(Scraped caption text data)
● ● ● ● ●
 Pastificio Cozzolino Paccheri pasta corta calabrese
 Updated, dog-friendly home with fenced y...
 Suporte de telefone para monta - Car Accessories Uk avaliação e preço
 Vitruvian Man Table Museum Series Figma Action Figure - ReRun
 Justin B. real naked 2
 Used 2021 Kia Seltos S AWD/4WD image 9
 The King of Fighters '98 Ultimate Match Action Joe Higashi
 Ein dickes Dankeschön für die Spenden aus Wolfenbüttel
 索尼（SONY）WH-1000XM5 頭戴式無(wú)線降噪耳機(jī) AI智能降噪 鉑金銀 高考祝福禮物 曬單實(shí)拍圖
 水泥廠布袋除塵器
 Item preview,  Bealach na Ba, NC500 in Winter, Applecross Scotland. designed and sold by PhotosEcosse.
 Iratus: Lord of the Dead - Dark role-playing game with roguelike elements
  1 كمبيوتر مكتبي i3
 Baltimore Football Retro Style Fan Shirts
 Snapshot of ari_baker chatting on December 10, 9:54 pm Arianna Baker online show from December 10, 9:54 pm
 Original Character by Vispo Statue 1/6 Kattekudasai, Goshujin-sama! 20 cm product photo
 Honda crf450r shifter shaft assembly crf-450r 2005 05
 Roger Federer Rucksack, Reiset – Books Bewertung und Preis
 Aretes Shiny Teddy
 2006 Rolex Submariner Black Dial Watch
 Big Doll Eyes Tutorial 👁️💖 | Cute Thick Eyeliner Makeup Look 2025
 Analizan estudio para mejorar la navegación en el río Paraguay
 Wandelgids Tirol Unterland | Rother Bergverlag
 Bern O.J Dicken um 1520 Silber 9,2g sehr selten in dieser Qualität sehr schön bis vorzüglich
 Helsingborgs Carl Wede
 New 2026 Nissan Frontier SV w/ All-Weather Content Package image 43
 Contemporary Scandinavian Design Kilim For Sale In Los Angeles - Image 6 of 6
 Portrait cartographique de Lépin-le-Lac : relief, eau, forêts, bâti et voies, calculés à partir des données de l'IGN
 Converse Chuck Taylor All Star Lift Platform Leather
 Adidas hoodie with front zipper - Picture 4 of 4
● ● ● ● ●
> [Try it] Return every entry exactly as given.

> [Response area]
 Pastificio Cozzolino Paccheri pasta corta calabrese
 Updated, dog-friendly home with fenced y...
 Suporte de telefone para monta - Car Accessories Uk avaliação e preço
 Vitruvian Man Table Museum Series Figma Action Figure - ReRun
 Justin B. real naked 2
 Used 2021 Kia Seltos S AWD/4WD image 9
 The King of Fighters '98 Ultimate Match Action Joe Higashi
 Ein dickes Dankeschön für die Spenden aus Wolfenbüttel
 索尼（SONY）WH-1000XM5 頭戴式無(wú)線降噪耳機(jī) AI智能降噪 鉑金銀 高考祝福禮物 曬單實(shí)拍圖
 水泥廠布袋除塵器
 Item preview,  Bealach na Ba, NC500 in Winter, Applecross Scotland. designed and sold by PhotosEcosse.
 Iratus: Lord of the Dead - Dark role-playing game with roguelike elements
  1 كمبيوتر مكتبي i3
 Baltimore Football Retro Style Fan Shirts
 Snapshot of ari_baker chatting on December 10, 9:54 pm Arianna Baker online show from December 10, 9:54 pm
 Original Character by Vispo Statue 1/6 Kattekudasai, Goshujin-sama! 20 cm product photo
 Honda crf450r shifter shaft assembly crf-450r 2005 05
 Roger Federer Rucksack, Reiset – Books Bewertung und Preis
 Aretes Shiny Teddy
 2006 Rolex Submariner Black Dial Watch
 Big Doll Eyes Tutorial 👁️💖 | Cute Thick Eyeliner Makeup Look 2025
 Analizan estudio para mejorar la navegación en el río Paraguay
 Wandelgids Tirol Unterland | Rother Bergverlag
 Bern O.J Dicken um 1520 Silber 9,2g sehr selten in dieser Qualität sehr schön bis vorzüglich
 Helsingborgs Carl Wede
 New 2026 Nissan Frontier SV w/ All-Weather Content Package image 43
 Contemporary Scandinavian Design Kilim For Sale In Los Angeles - Image 6 of 6
 Portrait cartographique de Lépin-le-Lac : relief, eau, forêts, bâti et voies, calculés à partir des données de l'IGN
 Converse Chuck Taylor All Star Lift Platform Leather
 Adidas hoodie with front zipper - Picture 4 of 4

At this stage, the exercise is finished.